What is the Cosmetic Product Information File (PIF)?
The Product Information File is the key document required before placing a product on the European market. The dossier gathers all the technical documents related to the raw materials, packaging material and finished product that are used by the safety assessor to evaluate the safety of the product and to elaborate the Cosmetic Product Safety Report (CPSR). The preparation of the PIF requires a thorough knowledge of Regulation 1223/2009 as well as experience in the toxicological field.
What information should be included in the PIF?
The PIF is structured in 6 sections:
- SECTION 1: A description of the cosmetic product that serves to attribute the PIF to the product itself. It usually includes the trade name, batch or reference number, product function, manufacturer, responsible person and a picture of the finished product.
- SECTION 2: The Cosmetic Product Safety Report (CPSR) is essential to demonstrate that a cosmetic product is safe and does not pose any risk to human health under normal and foreseeable conditions of use.
- ANNEX I of Regulation EC 1223/2009 describes the minimum information to be contained in the Safety Report divided into 2 parts
PART A: Information on the safety of the cosmetic product.
PART B: Cosmetic product safety assessment
- SECTION 3: A description of the method of manufacture. This section should be as detailed as possible as it may provide useful information to the safety assessor during the conduct of the safety assessment of the cosmetic product.

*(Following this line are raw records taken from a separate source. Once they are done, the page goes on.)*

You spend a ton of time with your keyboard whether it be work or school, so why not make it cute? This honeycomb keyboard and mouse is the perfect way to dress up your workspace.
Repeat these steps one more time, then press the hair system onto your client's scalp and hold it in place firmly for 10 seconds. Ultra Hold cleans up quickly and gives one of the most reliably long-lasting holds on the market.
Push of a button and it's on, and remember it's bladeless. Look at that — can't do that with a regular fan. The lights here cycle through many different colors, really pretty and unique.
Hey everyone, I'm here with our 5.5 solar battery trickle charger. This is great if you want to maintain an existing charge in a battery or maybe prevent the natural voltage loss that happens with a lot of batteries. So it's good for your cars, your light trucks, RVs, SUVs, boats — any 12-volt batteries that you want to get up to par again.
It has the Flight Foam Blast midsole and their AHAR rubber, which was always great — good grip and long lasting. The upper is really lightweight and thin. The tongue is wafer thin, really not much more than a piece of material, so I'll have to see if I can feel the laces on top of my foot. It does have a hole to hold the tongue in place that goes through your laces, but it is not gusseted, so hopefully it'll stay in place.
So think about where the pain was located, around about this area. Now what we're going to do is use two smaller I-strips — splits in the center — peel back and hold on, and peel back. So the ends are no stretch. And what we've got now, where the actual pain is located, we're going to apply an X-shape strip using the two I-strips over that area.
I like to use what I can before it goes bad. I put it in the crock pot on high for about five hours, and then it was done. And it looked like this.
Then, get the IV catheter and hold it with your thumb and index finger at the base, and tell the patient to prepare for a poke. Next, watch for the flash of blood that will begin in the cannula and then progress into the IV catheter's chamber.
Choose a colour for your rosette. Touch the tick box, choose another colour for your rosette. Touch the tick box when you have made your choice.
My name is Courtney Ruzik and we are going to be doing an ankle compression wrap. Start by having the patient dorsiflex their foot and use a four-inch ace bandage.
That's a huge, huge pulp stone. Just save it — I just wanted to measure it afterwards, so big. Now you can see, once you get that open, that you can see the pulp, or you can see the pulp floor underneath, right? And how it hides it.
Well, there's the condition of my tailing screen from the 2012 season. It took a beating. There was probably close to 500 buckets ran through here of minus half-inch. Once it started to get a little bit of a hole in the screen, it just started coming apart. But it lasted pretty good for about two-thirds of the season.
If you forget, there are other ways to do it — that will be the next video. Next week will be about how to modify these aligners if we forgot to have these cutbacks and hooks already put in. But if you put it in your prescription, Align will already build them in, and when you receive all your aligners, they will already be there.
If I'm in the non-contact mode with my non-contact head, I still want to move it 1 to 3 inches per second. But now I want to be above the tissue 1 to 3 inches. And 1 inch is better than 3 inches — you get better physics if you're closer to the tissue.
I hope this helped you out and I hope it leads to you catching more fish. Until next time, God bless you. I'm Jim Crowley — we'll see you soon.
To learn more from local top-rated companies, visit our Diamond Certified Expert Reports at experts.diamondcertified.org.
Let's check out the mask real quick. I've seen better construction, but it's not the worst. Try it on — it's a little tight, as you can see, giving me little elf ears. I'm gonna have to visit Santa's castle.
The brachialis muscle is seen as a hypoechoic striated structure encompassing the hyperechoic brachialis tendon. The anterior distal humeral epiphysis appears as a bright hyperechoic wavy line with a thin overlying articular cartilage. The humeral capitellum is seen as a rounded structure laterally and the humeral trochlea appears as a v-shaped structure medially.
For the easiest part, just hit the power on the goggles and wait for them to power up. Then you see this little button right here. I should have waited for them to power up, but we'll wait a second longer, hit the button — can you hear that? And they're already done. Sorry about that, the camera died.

- SECTION 4: A statement of compliance with the Good Manufacturing Practices (GMPs) according to the ISO 22716:2007. It is mandatory for all manufacturers of cosmetic products to comply with good manufacturing practices that guarantee high standards of quality and safety. This section can include a responsible declaration from the manufacturer stating that they comply with GMPs or a certificate issued by a private certifier.
- SECTION 5: If available, the evidence demonstrating the claimed effect of the cosmetic product. This section shall include the tests that were performed to substantiate the claims that are claimed in the labelling of a cosmetic product. Generally, a claim can be demonstrated by conducting instrumental or subjective in vivo efficacy tests.
- SECTION 6: Data on any tests performed by the manufacturer or suppliers, relating to the cosmetic product or its ingredients. In Europe, animal testing on both finished cosmetic products and raw materials is officially banned. The 2009 ban excluded some long-term toxicity studies for raw materials. However, since March 2013, no cosmetic product can be sold in Europe if it contains ingredients that have been tested on animals anywhere in the world. It is important to note that ingredients tested before this date are not considered illegal.
In conclusion, the PIF is an essential tool to guarantee the safety of cosmetic products marketed in the European Union. Its preparation is mandatory and allows health authorities to know all relevant aspects of the product, from its composition to its method of use and the toxicological profile of its ingredients. It is therefore essential that the Person Responsible for the cosmetic product pays due attention to the preparation of the PIF and always keeps it up to date.